Atlanta commercial real estate giant Jamestown closed the door last year on the fund it created to court small-dollar investors to buy fractional ownership into the developer’s Southern Dairies creative office project in the popular Old Fourth Ward neighborhood of Midtown Atlanta.

Jamestown only raised $11.2M of its $50M maximum for the Jamestown Invest 1 fund, having issued a total of 1.1 million shares since the fund's inception in 2019, according to a recent Securities and Exchange Commission filing. Amid the severe pullback in the capital markets, the fund won't make any further investments, Jamestown said in the filing.

CEO Matt Bronfman told Bisnow in a statement Wednesday the $50M capital ceiling was never the fund’s actual goal after it purchased a majority stake in the 80K SF Southern Dairies adaptive reuse project along the Atlanta BeltLine Eastside trail in Midtown in 2020.

“We closed the Fund to new investors because we believe we raised sufficient cash to complete the remaining portion of the business plan for Southern Dairies,” Bronfman said in a statement. “We have decided not to pursue an additional acquisition as the current capital market environment has limited opportunities that meet the required investment criteria.”

Jamestown typically raises equity from high net worth German investors to fund its ambitious adaptive reuse projects like Chelsea Market in New York and Ponce City Market in Midtown Atlanta, just across from Southern Dairies.

But Jamestown Invest 1 allowed nonaccredited investors to purchase fractional shares, which Bronfman said was "an innovation to give individual investors in the U.S. the ability to co-invest with us in our properties."

“As an investment category, direct-to-consumer real estate investment is still in its nascent stage, comprising a small portion of industry fundraising,” Bronfman said. “Since its launch in late 2019, Jamestown Invest has attracted more than 500 individual investors. Despite record-high inflation and stock market volatility, Jamestown Invest has delivered distributions to investors for the past nine quarters.”

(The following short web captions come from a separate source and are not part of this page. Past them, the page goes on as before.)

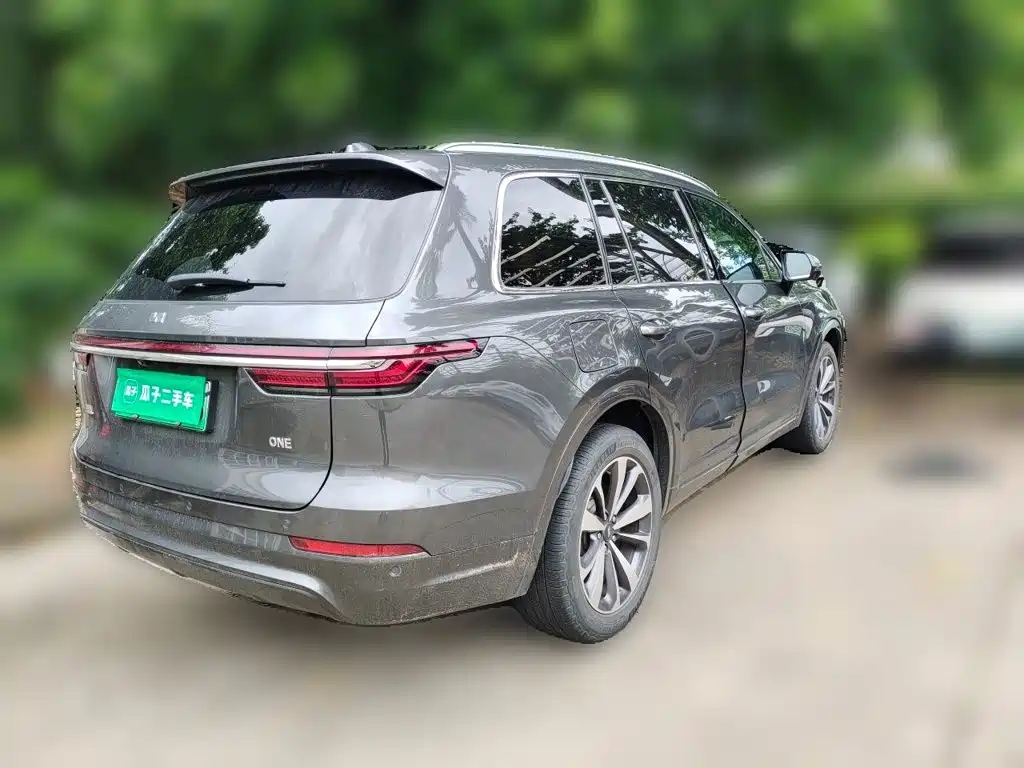 Li Auto ONE 2020 6 мест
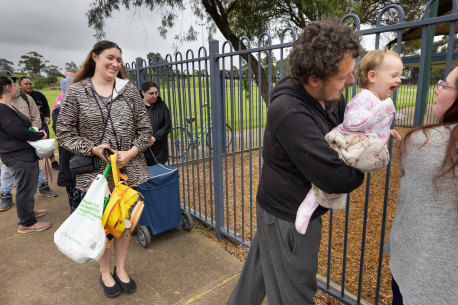 No teeth, scurvy diagnoses: Cost of living drives food bank pressures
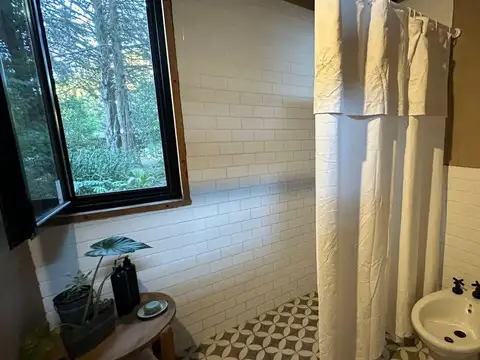 Casa 6 ambientes con 1 baño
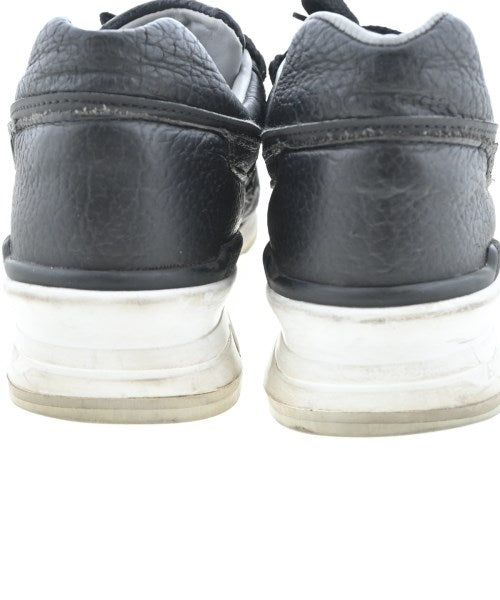 New Balance รองเท้าผ้าใบ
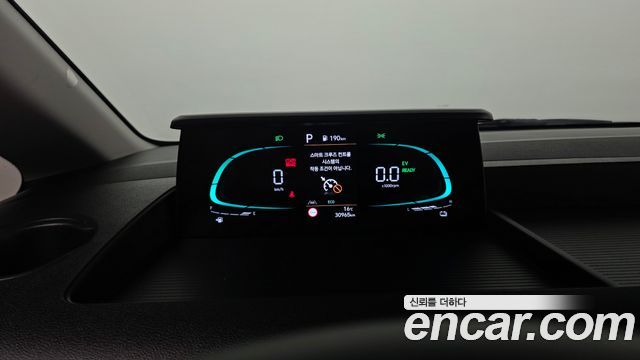 Hyundai Staria 2025 — photo 11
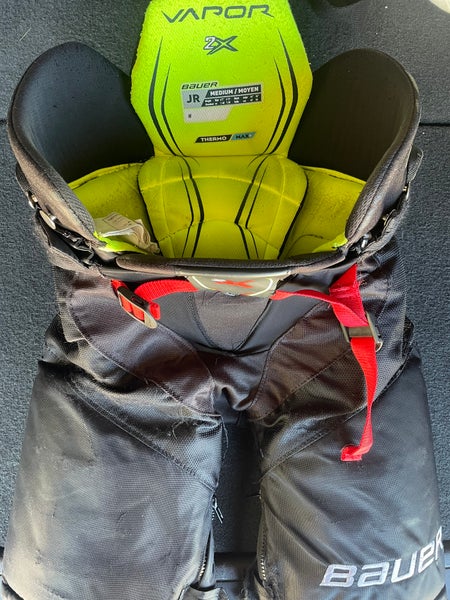 Medium Junior Bauer VAPOR 2X Hockey Pants (Used)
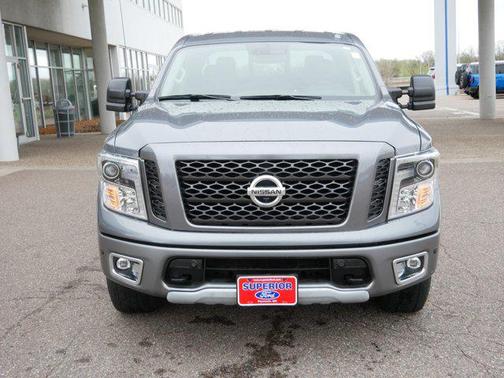 2019 Nissan Titan PRO-4X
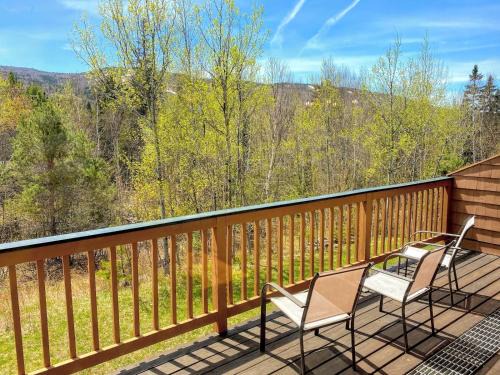 Bretton Woods Villa | Renovated Townhouse with Ski Views & Fast WiFi in Bretton Woods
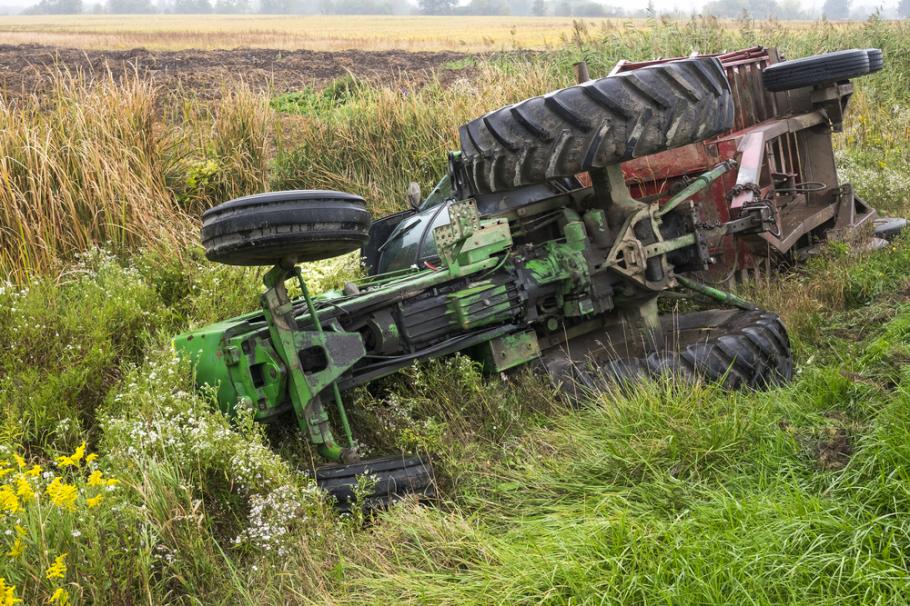 Tractor răsturnat în Caraş-Severin, foto ilustrativ Un bărbat a murit în Caraş Severin, după ce s-a răsturnat cu tractorul, oc5 tombrie 2021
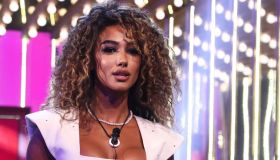 La Ruota della Fortuna, Gerry gongola dopo la gaffe di Samira: “M’è scappato il dito medio”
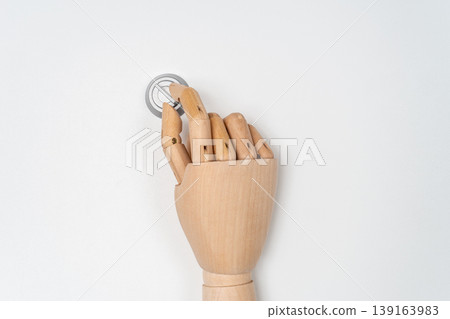 Hand mannequin gripping a thumb turn Hand mannequin gripping a thumb turn 139163983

The fund, which allows for quarterly redemptions for its investors, approved a payout of $69K for eight investors as of June of last year, according to its semiannual report.

As of the end of the first quarter, Southern Dairies was valued by a third-party appraiser at $50.4M, slightly higher in value than the $50.3M the quarter prior, according to the recent SEC filing.

Southern Dairies was 90% leased as of March 31, down from 96% the previous quarter after a 5K SF video production and creative company moved out after its February lease expiration. 

“Despite the decrease in occupancy from 96% in the prior quarter, several leasing tours have been completed at the property with prospective tenants,” Jamestown stated in the filing.